In February 1917, in the midst of the First World War, a revolution erupted in Russia, in the course of which the Tsar was overthrown and a bourgeois-democratic republic was established. Even before the overthrow of the Tsar, the Bolsheviks, led by Lenin, called on the workers and peasants in the armed forces to turn their guns round and overthrow the governments that sent them to the slaughter. But throughout Europe most socialists sided with their imperialist governments, supporting their countries’ war effort under the slogan “defence of the homeland” or “defence of democracy.”

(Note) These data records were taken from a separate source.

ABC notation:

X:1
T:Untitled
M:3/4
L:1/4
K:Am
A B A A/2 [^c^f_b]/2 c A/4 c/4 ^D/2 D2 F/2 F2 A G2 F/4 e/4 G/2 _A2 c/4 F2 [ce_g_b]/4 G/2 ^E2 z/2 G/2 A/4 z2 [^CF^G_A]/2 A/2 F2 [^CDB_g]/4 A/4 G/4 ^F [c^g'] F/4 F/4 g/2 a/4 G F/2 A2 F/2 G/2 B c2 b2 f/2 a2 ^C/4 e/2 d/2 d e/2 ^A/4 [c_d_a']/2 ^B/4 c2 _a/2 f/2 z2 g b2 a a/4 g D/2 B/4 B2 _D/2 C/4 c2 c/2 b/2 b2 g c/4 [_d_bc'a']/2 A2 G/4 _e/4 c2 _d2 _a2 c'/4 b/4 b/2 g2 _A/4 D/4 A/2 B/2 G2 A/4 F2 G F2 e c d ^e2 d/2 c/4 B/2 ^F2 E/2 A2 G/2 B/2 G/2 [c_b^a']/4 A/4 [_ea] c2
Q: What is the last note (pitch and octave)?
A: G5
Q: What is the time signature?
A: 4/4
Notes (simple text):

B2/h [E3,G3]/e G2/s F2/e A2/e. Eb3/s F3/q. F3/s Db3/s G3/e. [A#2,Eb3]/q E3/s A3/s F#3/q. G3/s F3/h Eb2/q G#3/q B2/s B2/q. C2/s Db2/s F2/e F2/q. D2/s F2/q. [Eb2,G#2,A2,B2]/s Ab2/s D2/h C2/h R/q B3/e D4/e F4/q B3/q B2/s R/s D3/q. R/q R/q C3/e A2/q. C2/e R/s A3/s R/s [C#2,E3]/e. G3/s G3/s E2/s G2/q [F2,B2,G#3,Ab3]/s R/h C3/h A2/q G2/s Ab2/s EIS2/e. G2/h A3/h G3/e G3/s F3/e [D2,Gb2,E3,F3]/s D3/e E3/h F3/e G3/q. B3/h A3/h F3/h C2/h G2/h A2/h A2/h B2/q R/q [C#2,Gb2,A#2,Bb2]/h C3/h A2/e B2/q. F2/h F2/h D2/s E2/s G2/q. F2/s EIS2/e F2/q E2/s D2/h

After the overthrow of the Tsar, many Russian socialists joined the camp of supporters of the Russian war effort, replacing the old slogan (“for the defence of the homeland”) with a new one – “for the defence of the revolution”. But most of the Bolsheviks did not fall into the trap: they kept thinking, and saying openly, that the workers and peasants in Russia had no interest in defending a revolution that brought to power their class enemies, the bourgeoisie. The Bolsheviks continued to struggle against the war, and for another, socialist revolution.
The February Revolution, in whose defence the Bolsheviks rightly opposed fighting, brought to power in Russia a far more enlightened and progressive leadership than the governments currently ruling Iran and Iraq. Yet today there are many communists and socialists who claim to be “Leninists” but come out in support of the “defence of the achievements of the revolution” – whether the “achievements of the Islamic Revolution” in Iran, or the “achievements of the Ba’ath revolution” in Iraq.
The Bolshevik slogan of 1917 is undoubtedly also appropriate for the Iran–Iraq war. The workers and peasants serving on both sides of the front have no interest in fighting each other. They have no interest in defending the “revolution” that brought their exploiters and oppressors to power.
Their real enemies are not in the trenches facing them. Their real enemies are those who send them to slaughter in the name of nationalism (“liberation of the Arab lands”) or of religion (“defence of Islam”); their real enemies are the destroyers of workers’ and leftist organizations in the name of “Unity of the ranks”; their real enemies are the oppressors of national minorities in the name of “Unity of the Homeland”; their real enemies are the hangmen in Baghdad and Tehran, who execute anyone who deviates from the standard they set from time to time: communists and Kurds, prostitutes and homosexuals.
The only revolutionary slogan in today’s Iran and Iraq is the old Bolshevik slogan: Soldiers, workers and peasants, turn your guns round! Turn the war into a civil war! Down with the Iran–Iraq war, Long live internationalist solidarity, Long live the socialist revolution!
If this slogan is correct for Iranians and Arabs in the armies fighting each other, it is all the more correct for Kurds on both sides of the border, and especially for those who believe that in exchange for loyal service to the government in an emergency they will be granted “rights” at the end of the war.
The war between the regimes of exploitation and oppression in Iran and Iraq is a golden opportunity for the exploited and oppressed, the workers and the peasants, the women and the national and religious minorities, to work hand in hand to free themselves from the yoke of exploitation and oppression.
The revolutionaries in the world owe solidarity to the exploited and oppressed in Iran and Iraq, not to the regimes of exploitation and oppression.